All lines below between the line with "ELLE DOSAR: Grijă, griji, îngrijire" and the line with "観葉植物】2本立ちウンベラー", including both, must be copied exactly, and the pictures must be omitted.
RECORDS FOR PROCESSING START
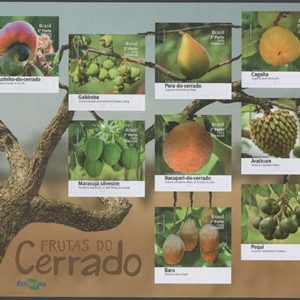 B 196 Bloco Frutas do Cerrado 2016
RECORDS FOR PROCESSING END
RECORDS FOR PROCESSING START
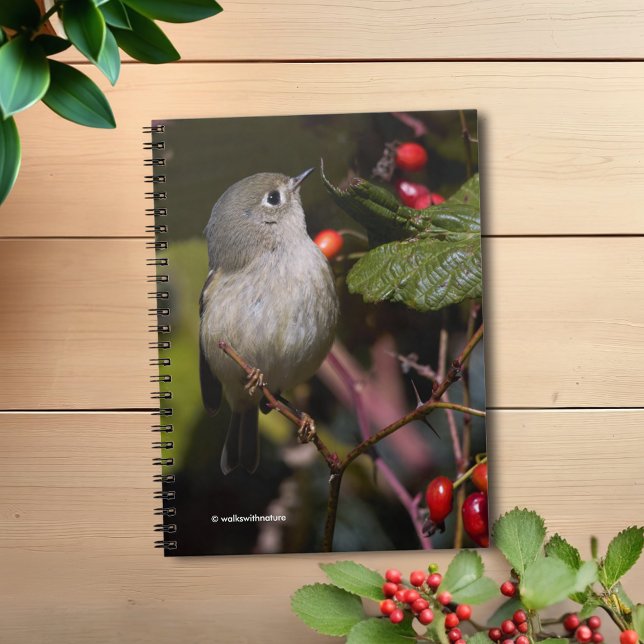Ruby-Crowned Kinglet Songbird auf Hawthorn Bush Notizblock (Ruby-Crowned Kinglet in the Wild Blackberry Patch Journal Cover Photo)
RECORDS FOR PROCESSING END
RECORDS FOR PROCESSING START
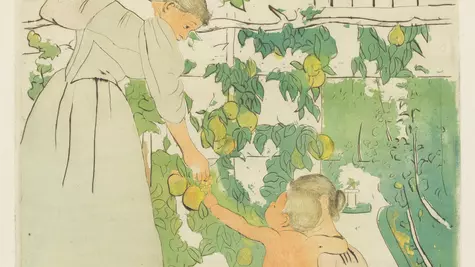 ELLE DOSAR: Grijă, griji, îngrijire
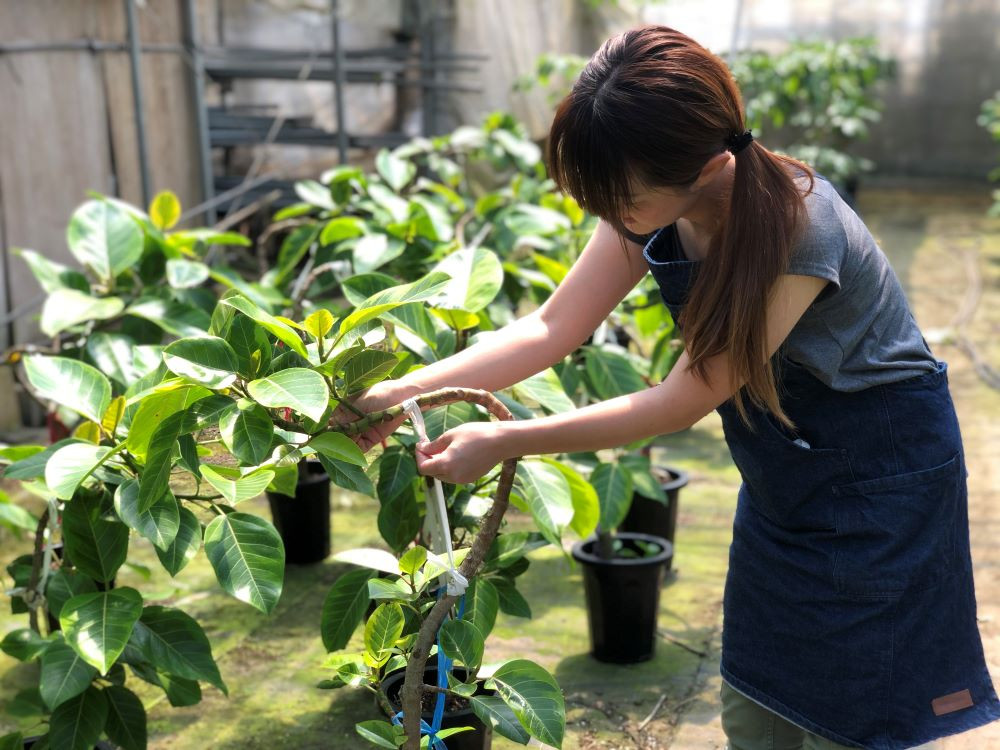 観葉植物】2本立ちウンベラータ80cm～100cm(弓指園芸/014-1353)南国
RECORDS FOR PROCESSING END
▸ RESPONSE:
 ELLE DOSAR: Grijă, griji, îngrijire
 観葉植物】2本立ちウンベラータ80cm～100cm(弓指園芸/014-1353)南国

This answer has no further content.